Eat Hackney has been spending some time with North London Action for the Homeless. This small charity is based at St Paul’s church in Stoke Newington, and provides food for homeless and vulnerable people. Twice a week, cook and artist Lucie Galand and a group of volunteers transform donated fruit and veg into a filling and nutritious meal for 50–60 service users. The vivid illustrations of service users featured in this post are also the work of Lucie. For more images, and for background on some of the people who visit NLAH, check out the blog A Three Course Story.
For three hours before the meal is served, there is an atmosphere of calm but intense concentration in the kitchen. Lucie can rely on regular gifts of food from Growing Communities, Whole Foods and other local shops, but she doesn’t know in advance what her ingredients will be. So creativity is key, as is the help of volunteers, who prepare all the fruit and veg. Everything comes together just as the service users flood into the hall – they help themselves to tea and coffee and then volunteers serve them soup, a warming main course and dessert at trestle tables.
Both volunteers and service users enjoy the social side of the project: NLAH fosters an atmosphere of conviviality and mutual respect. So while the food itself is of course vital and beneficial, so is the warmth and human contact the project offers. Volunteer Cecilia, always beautifully turned out herself, is on hand to cut hair, and donations of clothes are handed out.
Lucie and drop-in centre manager Mike Tomes also involve volunteers and service users in the Evering Road Kitchen Garden project, the creation of a small garden in the churchyard, where Lucie can pick herbs, beans and salad greens.
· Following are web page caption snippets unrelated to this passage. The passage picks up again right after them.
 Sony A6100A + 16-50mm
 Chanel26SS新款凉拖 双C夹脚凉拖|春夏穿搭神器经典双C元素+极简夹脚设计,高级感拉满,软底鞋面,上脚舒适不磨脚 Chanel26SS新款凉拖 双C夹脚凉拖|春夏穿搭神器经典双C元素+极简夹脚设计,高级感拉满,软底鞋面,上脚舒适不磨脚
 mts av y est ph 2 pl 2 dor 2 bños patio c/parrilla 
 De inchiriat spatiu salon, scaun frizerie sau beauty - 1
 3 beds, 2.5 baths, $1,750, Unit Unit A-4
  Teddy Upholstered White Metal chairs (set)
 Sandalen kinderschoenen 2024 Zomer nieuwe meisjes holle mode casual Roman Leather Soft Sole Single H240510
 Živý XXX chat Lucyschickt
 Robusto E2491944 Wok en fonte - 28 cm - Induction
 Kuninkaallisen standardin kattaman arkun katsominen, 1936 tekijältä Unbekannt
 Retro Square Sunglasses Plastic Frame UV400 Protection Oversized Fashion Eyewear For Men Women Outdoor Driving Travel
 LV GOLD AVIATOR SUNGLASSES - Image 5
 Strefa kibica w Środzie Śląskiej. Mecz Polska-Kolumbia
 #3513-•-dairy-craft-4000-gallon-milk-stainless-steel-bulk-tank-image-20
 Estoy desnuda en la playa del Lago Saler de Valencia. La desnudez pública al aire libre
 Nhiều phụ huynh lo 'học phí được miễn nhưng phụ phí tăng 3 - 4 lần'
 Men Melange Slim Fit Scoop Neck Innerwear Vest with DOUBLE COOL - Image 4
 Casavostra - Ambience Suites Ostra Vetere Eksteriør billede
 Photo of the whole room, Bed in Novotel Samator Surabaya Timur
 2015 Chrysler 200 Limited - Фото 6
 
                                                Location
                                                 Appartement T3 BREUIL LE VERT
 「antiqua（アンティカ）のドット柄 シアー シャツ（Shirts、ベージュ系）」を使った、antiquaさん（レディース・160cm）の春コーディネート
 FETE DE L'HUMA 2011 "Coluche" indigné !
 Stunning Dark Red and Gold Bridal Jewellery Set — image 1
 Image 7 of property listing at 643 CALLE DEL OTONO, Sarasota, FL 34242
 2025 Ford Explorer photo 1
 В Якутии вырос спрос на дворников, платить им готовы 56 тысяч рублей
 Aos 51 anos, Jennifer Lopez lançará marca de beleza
And Lucie uses any surplus produce to cook up jars of Patchwork Preserves, organic chutneys and pickles sold in aid of the charity.
In its attitude to both food and people, this is a holistic project. Food which would be otherwise be thrown away is turned into a beautiful and much needed meal. Nothing is wasted: all the food scraps go into the compost bin which then enriches the kitchen garden. Nobody is overlooked and everybody is valued for their contribution and their conversation. Eat Hackney is very glad to have met everyone involved with NLAH.